--- START ---
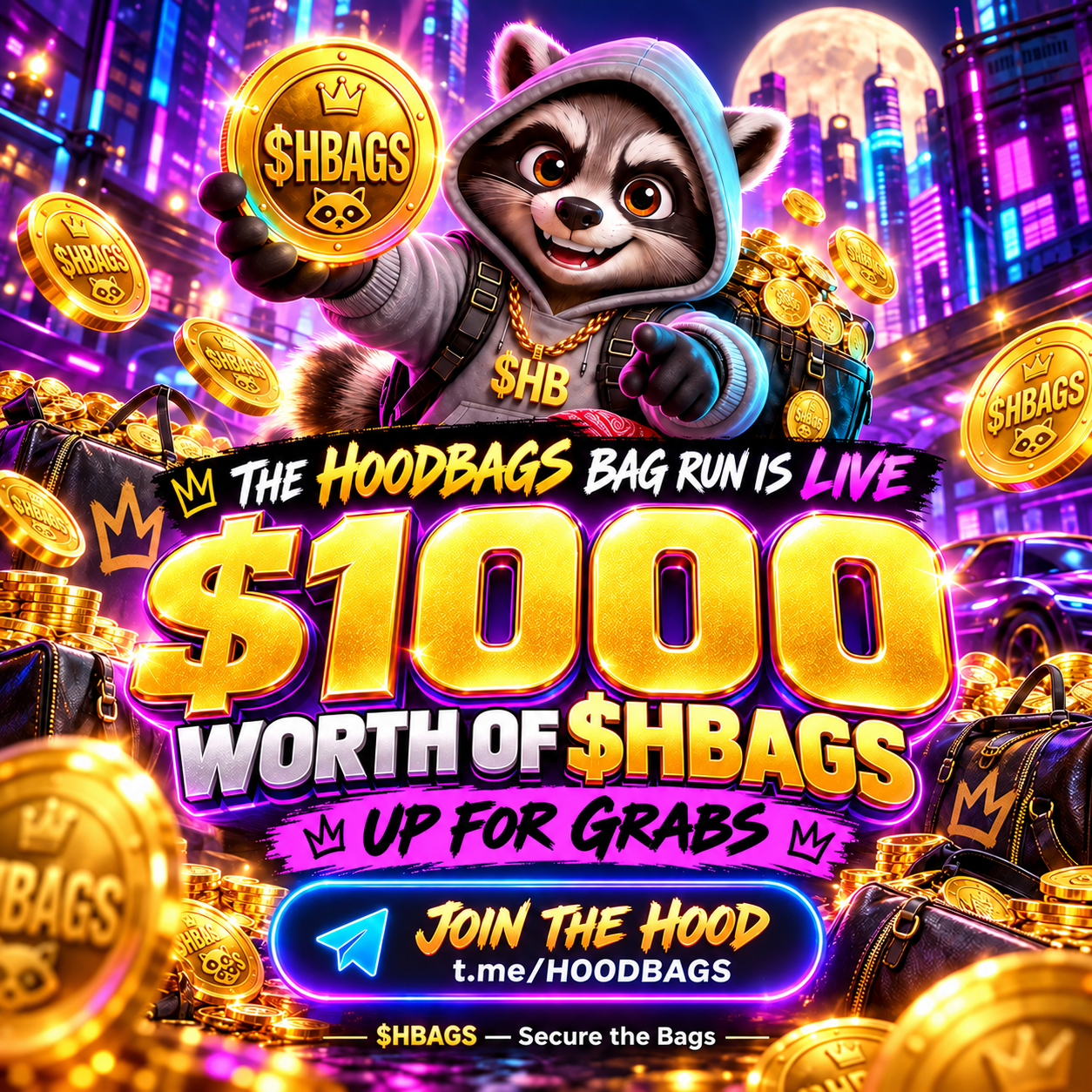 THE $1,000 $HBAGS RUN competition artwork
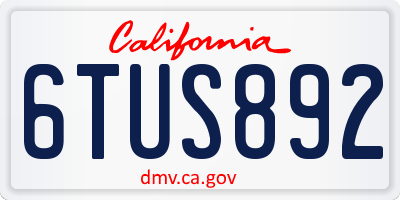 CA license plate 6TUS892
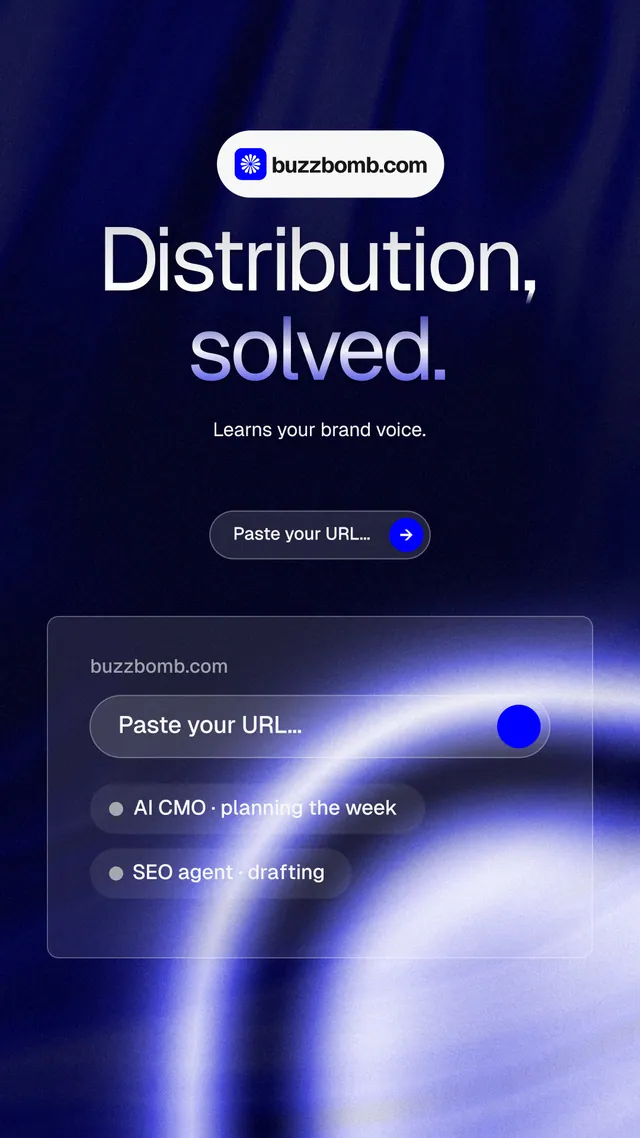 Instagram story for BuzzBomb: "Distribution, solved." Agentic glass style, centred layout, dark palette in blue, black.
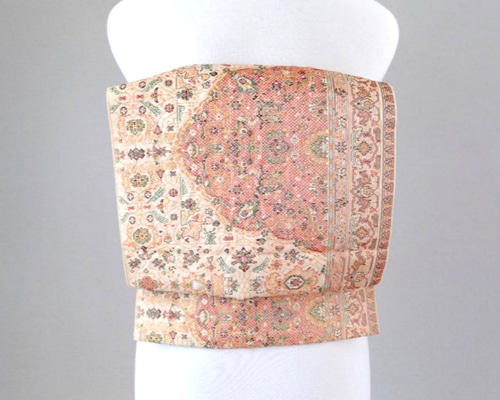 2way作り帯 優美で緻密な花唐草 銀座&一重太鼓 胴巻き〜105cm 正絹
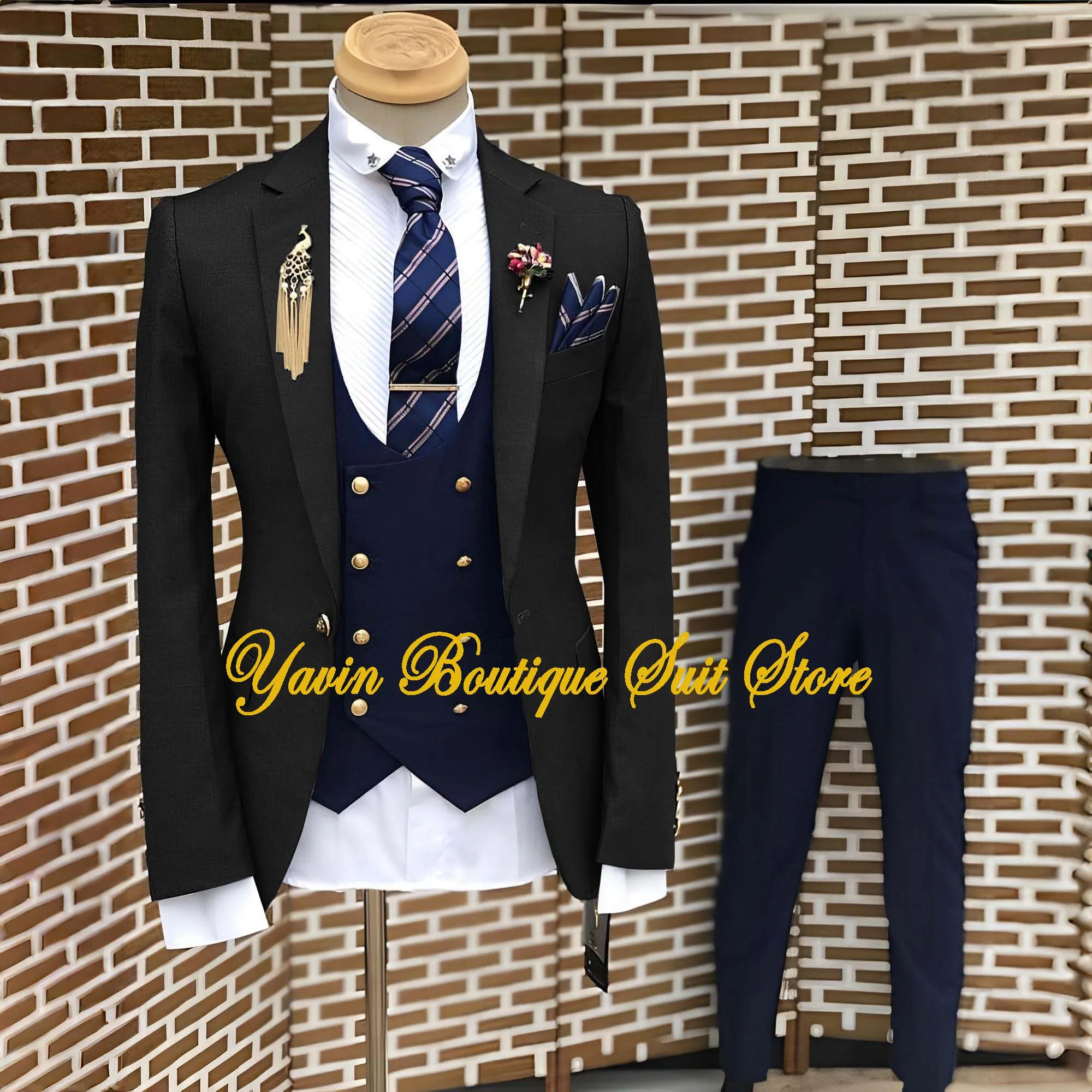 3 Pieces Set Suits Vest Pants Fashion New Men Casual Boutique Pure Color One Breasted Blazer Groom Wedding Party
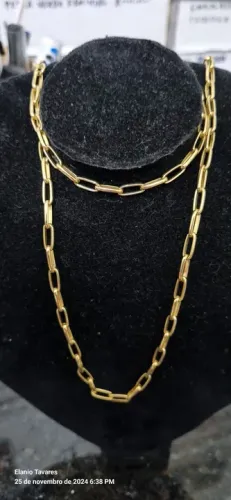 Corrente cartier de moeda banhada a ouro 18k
--- END ---
• Work item:
Please give the entries above again exactly as written, leaving out any pictures.

• Finished exercise:
 THE $1,000 $HBAGS RUN competition artwork
 CA license plate 6TUS892
 Instagram story for BuzzBomb: "Distribution, solved." Agentic glass style, centred layout, dark palette in blue, black.
 2way作り帯 優美で緻密な花唐草 銀座&一重太鼓 胴巻き〜105cm 正絹
 3 Pieces Set Suits Vest Pants Fashion New Men Casual Boutique Pure Color One Breasted Blazer Groom Wedding Party
 Corrente cartier de moeda banhada a ouro 18k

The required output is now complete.